Phosphopeptide mapping of wild-type GRK4α and GRK4α A486V with LC-MS/MS. A, phosphorylated peptides are highlighted in yellow, and phosphorylated residues in the basal state are underlined. Residues that show an increase in phosphorylation after incubation with ATP in GRK4α A486V (but not wild-type GRK4) are highlighted in green, and those that increase in both GRK4α variants are in magenta. Non-native serine residues C563S and C578S are shown in red. Residues that can be unambiguously assigned as phosphorylation sites are shown in boldface. For peptides where unambiguous assignment is not possible, all potential phosphorylation sites are highlighted. Vertical lines indicate instances where multiple versions of the same peptide are observed due to incomplete cleavage.

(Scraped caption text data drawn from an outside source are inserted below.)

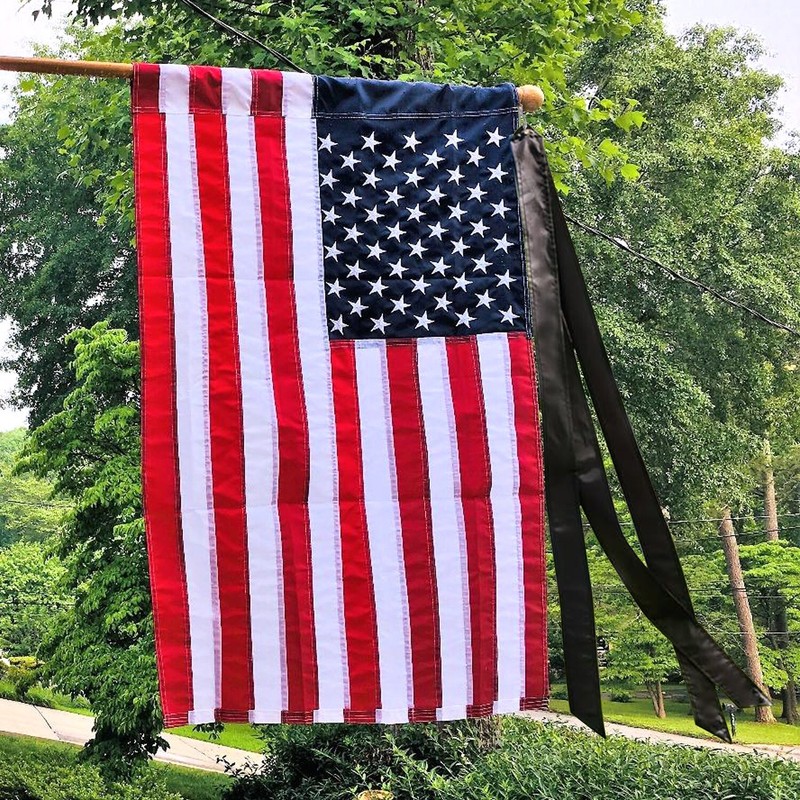 Anley Flag Mourning Streamer - Ideal for 3x5 FT Flag - Half-Mast Mourning Ribbon gallery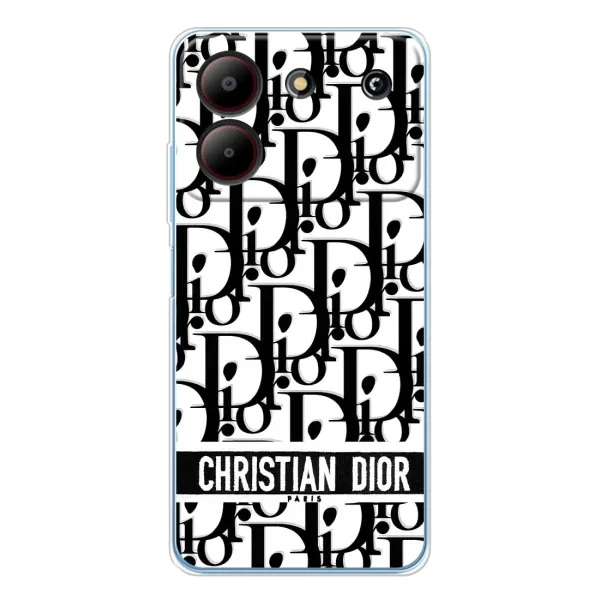 Чехол с рисунком «Christian Dior» для ZTE Blade A54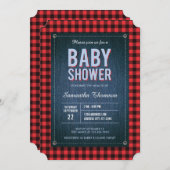 ルンバージャックプライド&ジャンベイビーシャワー招待状 招待状 (正面/裏面)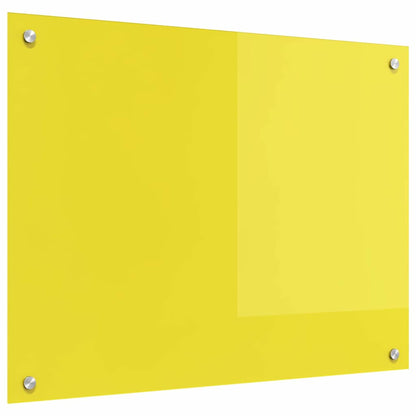 Küchenrückwand Gelb 80 x 60 x 0.6 cm Einscheibensicherheitsglas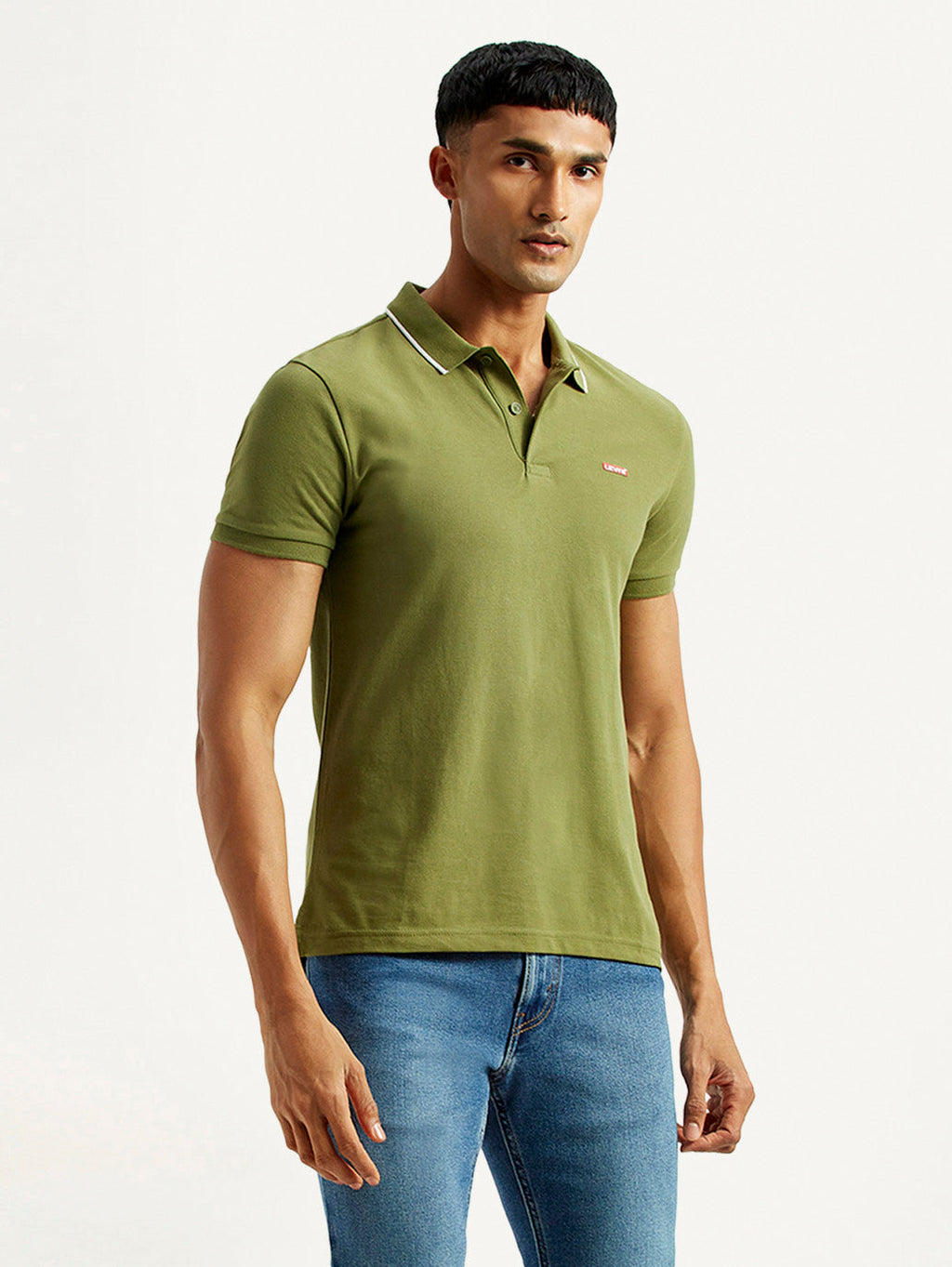 Men's Solid Polo T-shirt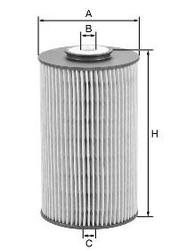 filter paliva mann P 811x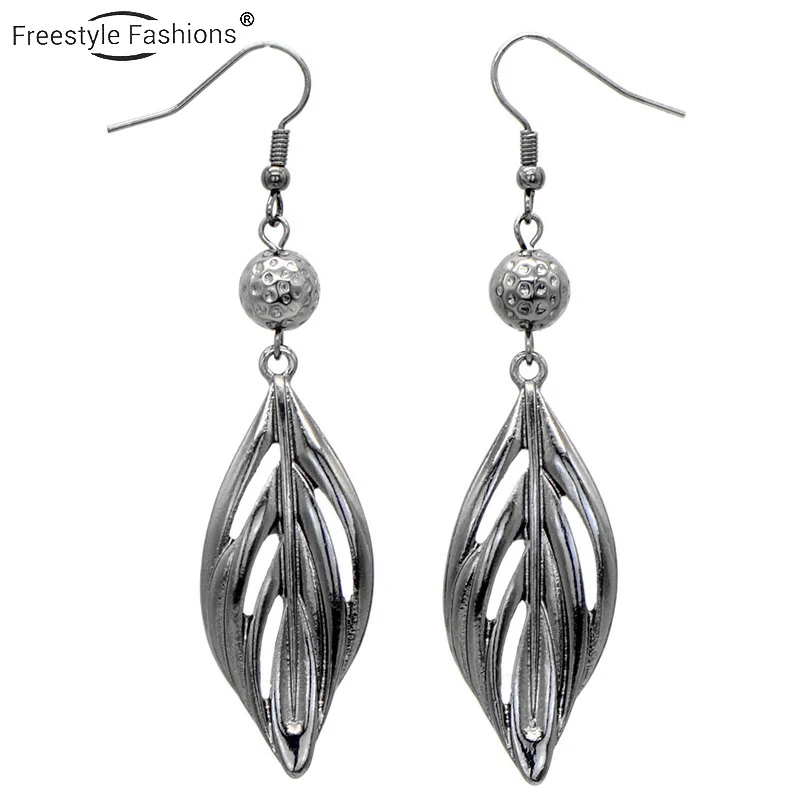 Мода классический лист цинковый сплав Висячие серьги для женщин | Украшения и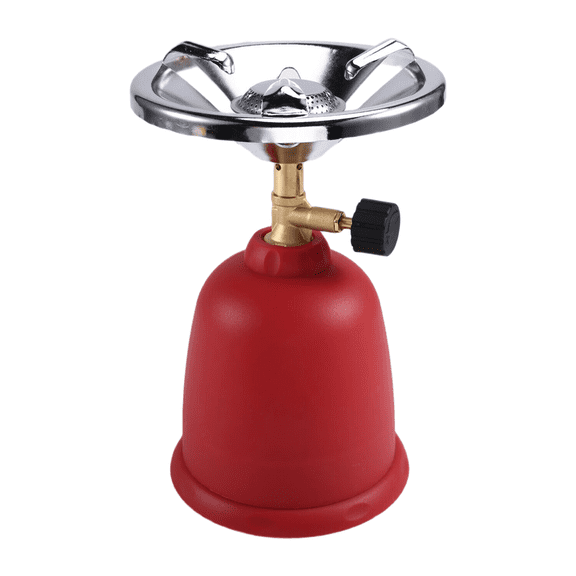 Outdoor Camping Stove 190g Euro Gas Tank Coffee Stove Adjustable Propane Gas Burner for Outdoor Fishing Hiking Picnic A,1 x camping stove Kit,Red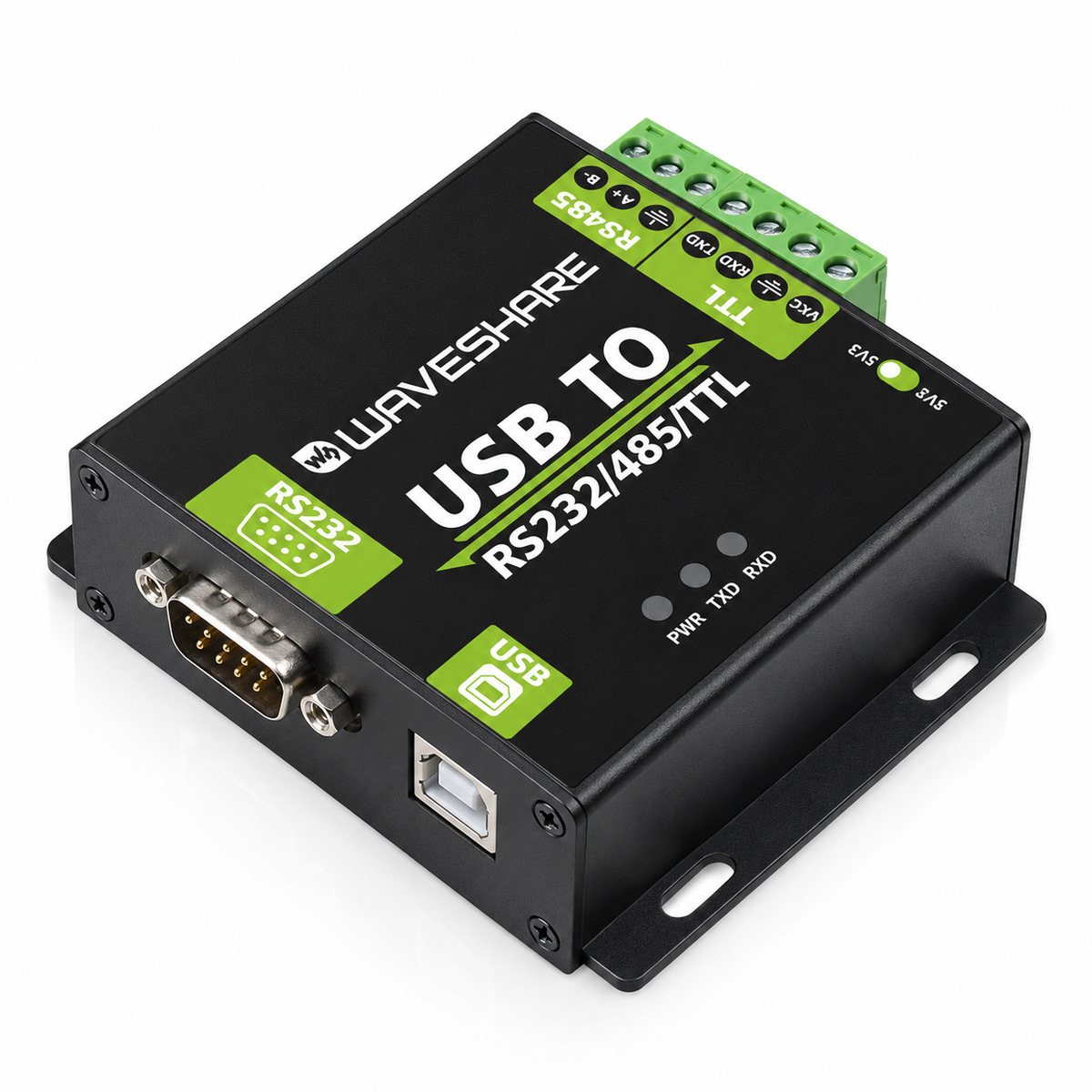 Промисловий USB конвертер до RS232/RS485/TTL, CH343G, Waveshare 22547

Residues that were not observed in zero time point in-gel trypsin digest samples are highlighted in gray. B–E, effects of ATP incubation upon intensities of four representative phosphopeptides. Phosphopeptide intensities were normalized using the sum of the three most intense nonphosphorylated peptides. F, phosphorylation sites mapped on the crystal structure of GRK4α. Phosphorylated residues are shown as space-fill and colored as in A. Hypertension-related mutations are shown in yellow.

FIGURE 7.

Kinetic studies of wild-type GRK4α and GRK4α A486V upon incubation with ATP. A, rate of D₁R peptide phosphorylation is affected by preincubation with ATP for wild-type GRK4α (open circles versus open triangles) but not for GRK4α A486V (black circles versus black triangles). B, K_m for ATP is 40 μm.

FIGURE 8.

Overlay of the αD–αE and αF–αG loops of GRK kinase large lobes. GRK4α A486V is shown in cyan; GRK6-AMPPMP (26) is in gray; GRK6-sangivamycin (41) is in orange, and GRK2 (28) is in red. The D₁R peptide (shown in yellow) was docked into GRK4α by structural alignment to the GSK3β peptide-bound structure of PKB (37). Docking based on this structure results in multiple clashes at the N-terminal side of the peptide with Tyr-389 and Lys-390 in the αF–αG loop.

FIGURE 9.

Initial rates of D₁R peptide phosphorylation by GRK4α. k_cat/K_m values for D1R-L1, D1R-L2, and D1R-S1 are displayed on the figure. The data are derived from three independent experiments and the means ± S.D. are shown. Initial rate of D1R-S2 (YDTDVSLEKIQ) was very similar to D1R-S1 (k_cat/K_m of D1R-S2 = 0.0076 ± 0.0013 μm⁻¹ min⁻¹).